I found so many thrills in having something so big to put all my focus on. It was everything I could have ever hoped for a first expedition. It was long enough to for me to become completely comfortable in the Arctic environment and we had a great small team. It also had many extremes, from freezing polar temperatures to first ascents, from science fieldwork to wild animals. I returned and I had indeed solidified that this was something I was going to do forever.
As well as team expeditions, you’ve also adventured solo, hiking 500 miles across the Picos de Europa alone. What was this like?
Going on solo trips is very different, yet enjoyable for different reasons. When I go to the more extreme places such as high altitude peaks, I put together a team.
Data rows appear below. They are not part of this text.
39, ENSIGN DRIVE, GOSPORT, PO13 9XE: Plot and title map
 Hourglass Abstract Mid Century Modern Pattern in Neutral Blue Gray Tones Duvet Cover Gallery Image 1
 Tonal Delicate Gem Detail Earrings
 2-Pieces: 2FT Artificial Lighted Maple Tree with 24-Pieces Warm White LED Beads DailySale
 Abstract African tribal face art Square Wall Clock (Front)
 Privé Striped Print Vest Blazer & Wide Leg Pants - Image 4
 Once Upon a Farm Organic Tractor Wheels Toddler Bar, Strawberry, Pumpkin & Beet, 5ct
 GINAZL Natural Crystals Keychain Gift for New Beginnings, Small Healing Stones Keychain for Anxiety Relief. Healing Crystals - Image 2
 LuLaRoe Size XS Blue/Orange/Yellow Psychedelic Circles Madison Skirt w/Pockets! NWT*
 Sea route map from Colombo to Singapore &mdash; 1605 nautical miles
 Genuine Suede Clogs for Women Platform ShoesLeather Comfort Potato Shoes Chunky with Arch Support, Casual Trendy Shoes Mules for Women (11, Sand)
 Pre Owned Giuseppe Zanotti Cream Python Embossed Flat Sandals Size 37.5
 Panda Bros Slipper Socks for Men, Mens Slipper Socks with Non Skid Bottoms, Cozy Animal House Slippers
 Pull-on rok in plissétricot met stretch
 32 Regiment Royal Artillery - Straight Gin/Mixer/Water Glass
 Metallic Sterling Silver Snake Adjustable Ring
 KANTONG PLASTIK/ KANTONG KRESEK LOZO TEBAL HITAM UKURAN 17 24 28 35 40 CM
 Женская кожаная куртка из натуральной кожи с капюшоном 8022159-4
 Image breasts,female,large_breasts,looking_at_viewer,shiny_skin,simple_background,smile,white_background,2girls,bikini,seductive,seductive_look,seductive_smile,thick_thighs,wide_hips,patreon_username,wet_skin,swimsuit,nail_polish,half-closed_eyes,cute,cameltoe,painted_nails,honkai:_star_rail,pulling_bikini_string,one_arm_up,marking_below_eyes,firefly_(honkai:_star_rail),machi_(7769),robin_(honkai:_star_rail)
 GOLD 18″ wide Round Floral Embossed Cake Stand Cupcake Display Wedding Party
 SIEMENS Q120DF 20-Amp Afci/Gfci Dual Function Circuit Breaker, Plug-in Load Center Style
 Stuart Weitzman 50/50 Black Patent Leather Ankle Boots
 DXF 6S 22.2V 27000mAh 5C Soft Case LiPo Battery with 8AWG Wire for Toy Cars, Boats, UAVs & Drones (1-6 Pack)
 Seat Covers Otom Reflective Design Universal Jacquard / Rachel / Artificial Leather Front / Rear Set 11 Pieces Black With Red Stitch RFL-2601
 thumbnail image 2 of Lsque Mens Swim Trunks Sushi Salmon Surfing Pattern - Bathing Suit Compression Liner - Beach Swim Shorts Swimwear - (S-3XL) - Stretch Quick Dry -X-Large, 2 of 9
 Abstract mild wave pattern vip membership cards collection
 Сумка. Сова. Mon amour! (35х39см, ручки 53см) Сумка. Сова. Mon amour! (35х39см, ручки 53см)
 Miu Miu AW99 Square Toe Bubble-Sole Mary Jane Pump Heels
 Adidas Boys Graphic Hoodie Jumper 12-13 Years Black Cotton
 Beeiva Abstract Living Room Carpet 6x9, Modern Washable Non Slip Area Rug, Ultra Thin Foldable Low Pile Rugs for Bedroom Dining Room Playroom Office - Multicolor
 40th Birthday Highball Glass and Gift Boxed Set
Even if it’s just a climbing partner or a team of four, it’s here you most need those other people on the rope for various safety reasons.
I go solo when I want time to myself. Trekking through the mountains following a route you’ve created months before is so empowering. Of course you have a lot of time to question your decisions as you don’t have the luxury of being reassured by someone else, but this makes it all the more rewarding.
I find myself going solo when I want to remind myself of what I am capable of independently. It takes time to get used to it and trust yourself and, of course, there are times where having someone by your side would make certain scenarios seem less daunting, but it is truly a great way to be empowered by yourself.
You’ve also smashed female stereotypes by being the youngest women to captain a team on the Patagonia Expedition Race. What did this race involve and why did you decide you wanted to take it on?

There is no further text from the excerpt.